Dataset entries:
═══

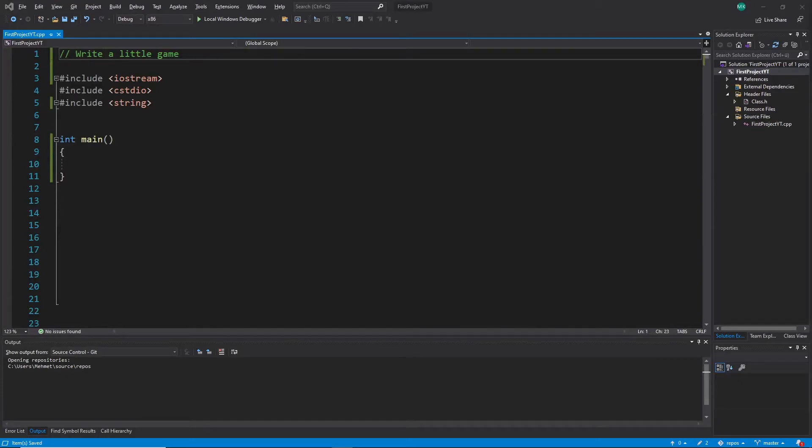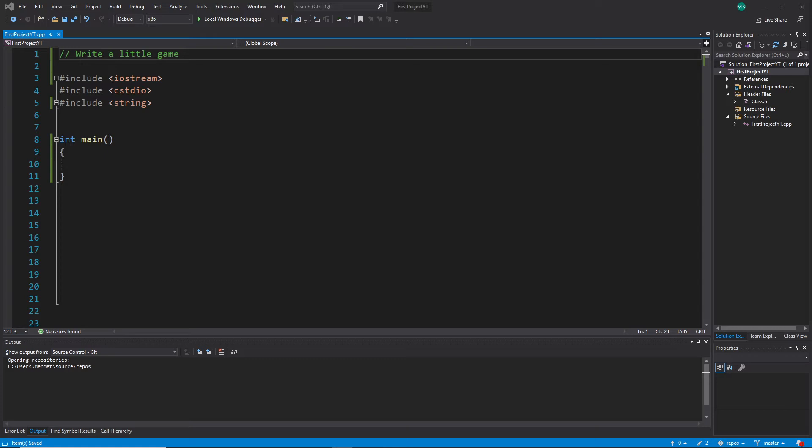So hi everybody and welcome back to the C++ tutorial series for absolute beginners. This is video 87 and in this video we announce again a new exercise, but this time you can use of course all the keywords and your full creativity.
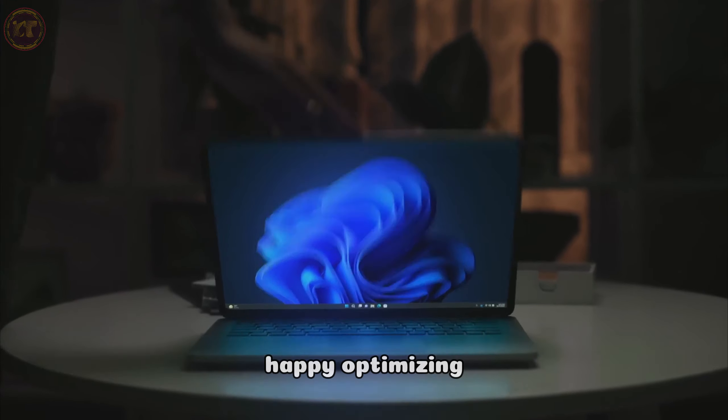And that's it! By optimizing your startup programs on Windows 11, you can enjoy a faster boot-up time and a more streamlined computing experience. Thank you for watching our video guide.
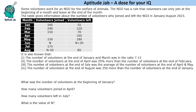It is also known that the number of volunteers at the end of January and March was in the ratio 7:12. So let us start with this fact. Suppose the number of volunteers at the end of January is 7x. Now 240 people join, so it becomes 7x + 240, and 120 leave, so it becomes 7x + 120 at the end of February.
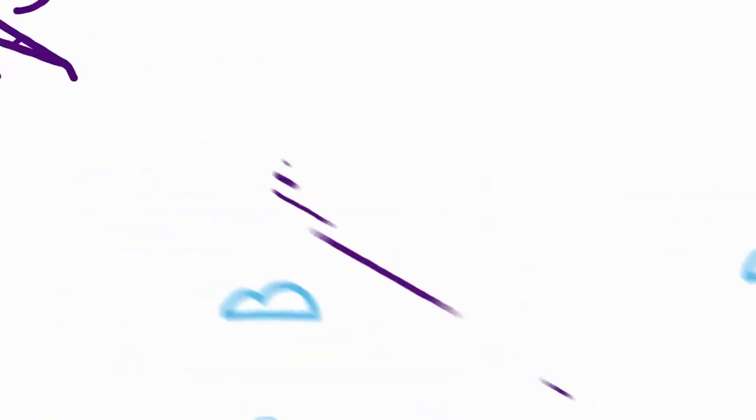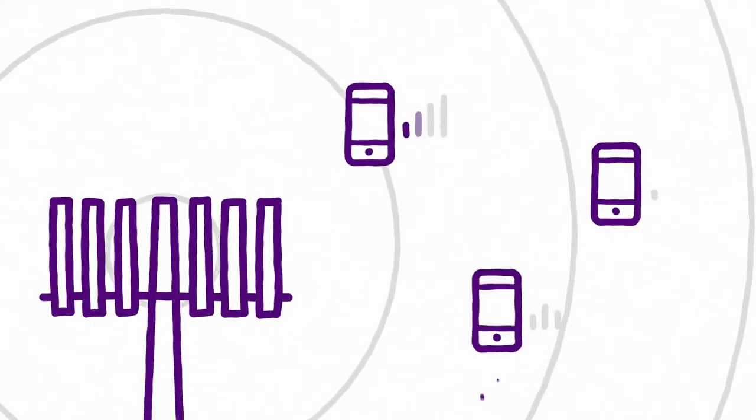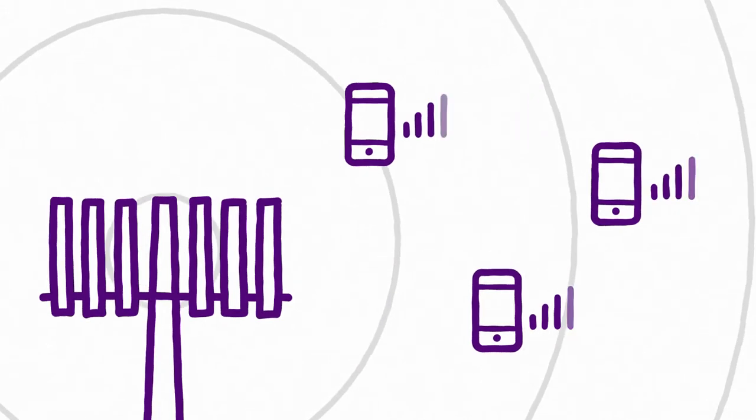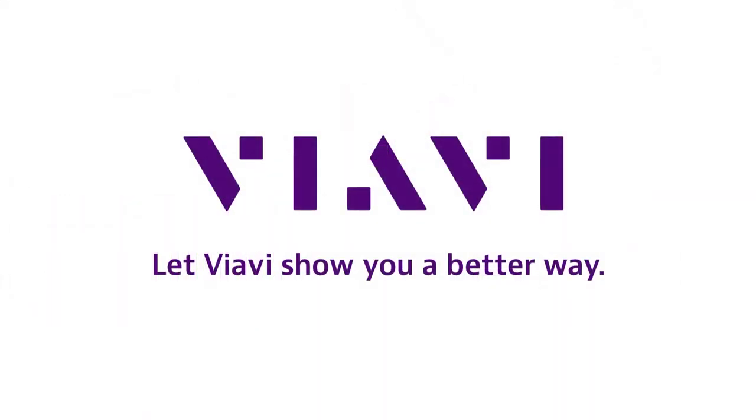The right tools can transform a good tech into a super tech. Let Avi show you a better way.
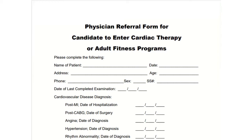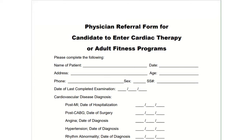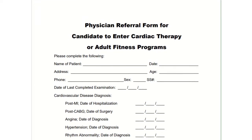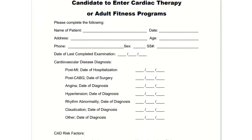Here's a Physician Referral Form for your clients. This form gives your clients doctors clearance to enter your fitness programs. You can download this form in PDF or Word format. Just click the link in the description to download this form.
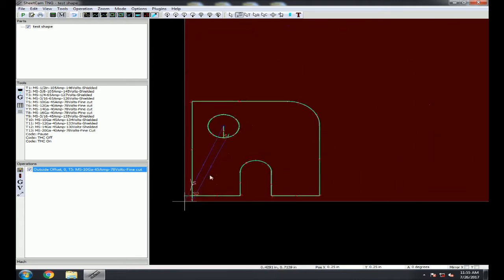At this point you have your cut path, start points, and the Lead Ins and Outs look good. You are ready to write the G-code by clicking the green P in the top left corner.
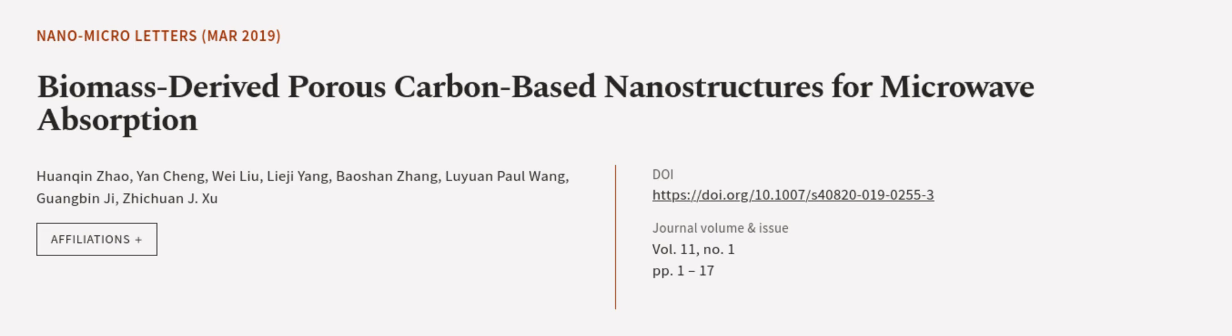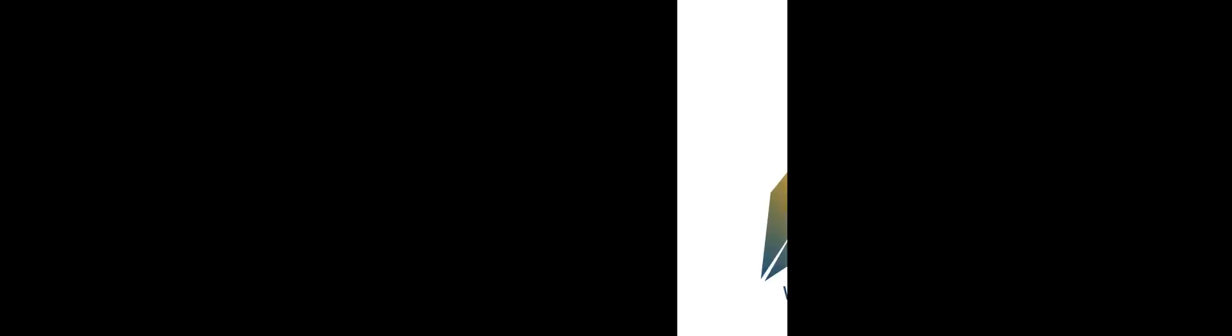This article was authored by Huangqin Zhao, Yan Cheng, Wei Liu, and others. WeAreArticle.tv, links in the description below.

═══

Exactly as written, please copy out the whole set of records, skipping images.

PROBLEM SOLUTION:
So hi everybody and welcome back to the C++ tutorial series for absolute beginners. This is video 87 and in this video we announce again a new exercise, but this time you can use of course all the keywords and your full creativity.
And that's it! By optimizing your startup programs on Windows 11, you can enjoy a faster boot-up time and a more streamlined computing experience. Thank you for watching our video guide.
It is also known that the number of volunteers at the end of January and March was in the ratio 7:12. So let us start with this fact. Suppose the number of volunteers at the end of January is 7x. Now 240 people join, so it becomes 7x + 240, and 120 leave, so it becomes 7x + 120 at the end of February.
The right tools can transform a good tech into a super tech. Let Avi show you a better way.
Here's a Physician Referral Form for your clients. This form gives your clients doctors clearance to enter your fitness programs. You can download this form in PDF or Word format. Just click the link in the description to download this form.
At this point you have your cut path, start points, and the Lead Ins and Outs look good. You are ready to write the G-code by clicking the green P in the top left corner.
This article was authored by Huangqin Zhao, Yan Cheng, Wei Liu, and others. WeAreArticle.tv, links in the description below.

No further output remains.